Bahrain upholds sentence against 'torture victim' despite pleas from UK ministers
A Bahraini court upheld a 15-year prison sentence against an individual on Monday who was convicted in a mass trial and reportedly subjected to sexual abuse, torture and forced confession.
The Bahrain Institute for Rights and Democracy (Bird) told Middle East Eye that the court upheld the prison sentence against Fawaz Abdulnabi despite pleas for his release from UK parliamentarians.
Abdulnabi was convicted along with 52 others in November 2020 on the charge of belonging to a militant group that reportedly received orders from Iran's Revolutionary Guard.
In testimony published last week by Bahrain's Office of the Public Prosecutor, Abdulnabi said he only confessed to the charge after being tortured at the country's Royal Academy of Policing (RAP).

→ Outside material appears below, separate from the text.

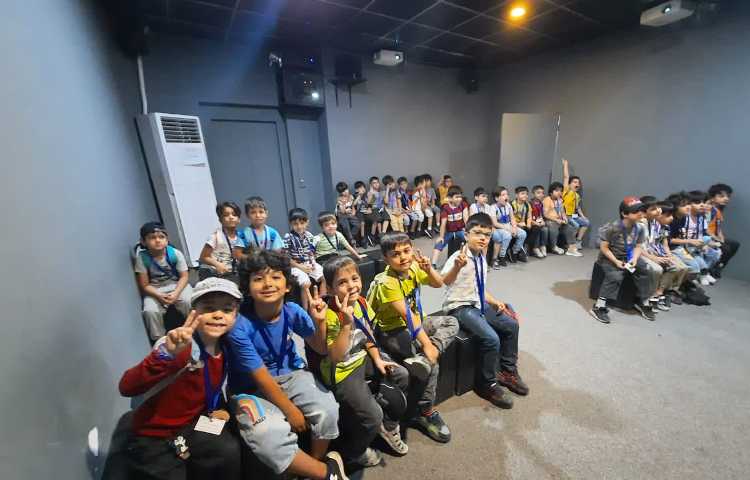 اردوی هیومن پارک 2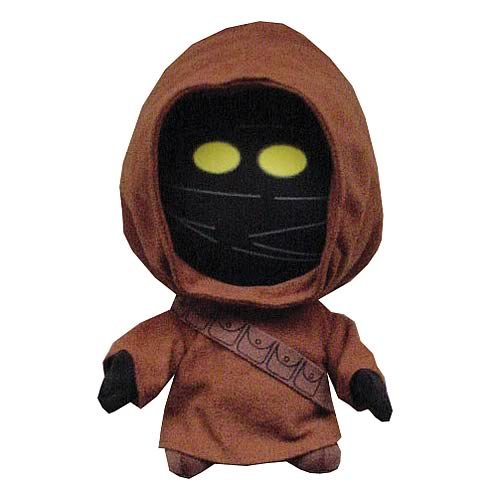 Star Wars: Super Deformed (SD) Plush – Jawa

The testimony, seen by Middle East Eye, was the first official testimony alleging that interrogations take place at RAP.
According to Abdulnabi, the torture included sexual assault, being beaten and punched in the stomach, forced to stand in a room with freezing cold temperatures and simulated drowning.
"He was beating and slapping me on the face. They wanted me to give confessions. They kept me on the floor and were throwing water on my body as if he was trying to drown me," Abdulnabi said.
"Did you make any confessions against yourself?" Abdulnabi was asked near the end of his testimony.
"Yes," he replied.
A graduate of the University of Bradford, Abdulnabi was arrested from his home in the Bahraini city of Sanad, without a warrant, in November 2019 and later held in solitary confinement for nearly two weeks.
Last week, British lawmakers - Layla Moran and Lord Paul Scriven of the Liberal Democrats, Baronesses Natalie Bennett of Manor Castle and Jenny Jones of Moulsecoomb of the Green Party - wrote to UK Foreign Secretary Dominic Raab and Bahrain's ambassador to the UK, Sheikh Fawaz bin Mohammed al-Khalifa.
The politicians called for Abdulnabi's release on account of the allegations of torture and forced confession.
"We urgently call on your government to ensure Fawaz is released immediately from detention and for his sentence to be overturned in light of allegations of torture and due process violations which mar his case and make a fair and legal hearing impossible," the lawmakers said in the letter.
Bahrain authorities lambasted the letter, saying the parliamentarians "could have sought accuracy by contacting the official concerned authority before taking such a step".
Calls to end Bahrain-UK partnership
In response to the allegations of abuses at Bahrain's RAP, rights groups have demanded the UK's University of Huddersfield end its partnership with the academy.
Since 2018, the university has been providing a master's degree programme in Security Science to officers at RAP.
In recent months, dozens of MPs sent a letter to the university asking them to scrap the programme.
"Fawaz's court documents prove unequivocally what dozens of torture victims in Bahrain already knew: that Bahrain's Royal Academy of Policing is used for interrogations and coercing confessions from political prisoners," Sayed Ahmed Alwadaei, Bird's director, said in a statement.
'The University of Huddersfield’s senior managers have indirectly contributed to the appalling treatment of political prisoners like Fawaz'
- Lord Paul Scriven, Liberal Democrat
"It is time for University of Huddersfield management to admit the true nature of their business partner and cut ties with Bahrain’s vicious regime."
Yet in May, in a meeting between UK Home Secretary Priti Patel and Bahraini Foreign Minister Khalid bin Ahmed al-Khalifa, it was revealed that the university's cooperation with Bahrain would include a new PhD programme with help from Manama's government.
Lord Scriven, a Liberal Democrat who grew up in Huddersfield, said the allegations of torture are an issue "that poses a genuine risk to individuals in Yorkshire".
"By deepening ties with Bahraini leaders who have no regard for human rights, the University of Huddersfield’s senior managers have indirectly contributed to the appalling treatment of political prisoners like Fawaz," Scriven said.
Since the 2011 Arab Spring uprisings, which saw pro-democracy demonstrators take to the streets of the Gulf nation, the Sunni monarchy has launched a comprehensive crackdown on opposition groups and human rights activists.
A report compiled by the London-based Bird rights group said at least 51 people had been sentenced to death since 2011, with leaders of the protest movement languishing in prison despite promises from the country's leadership to enact reforms.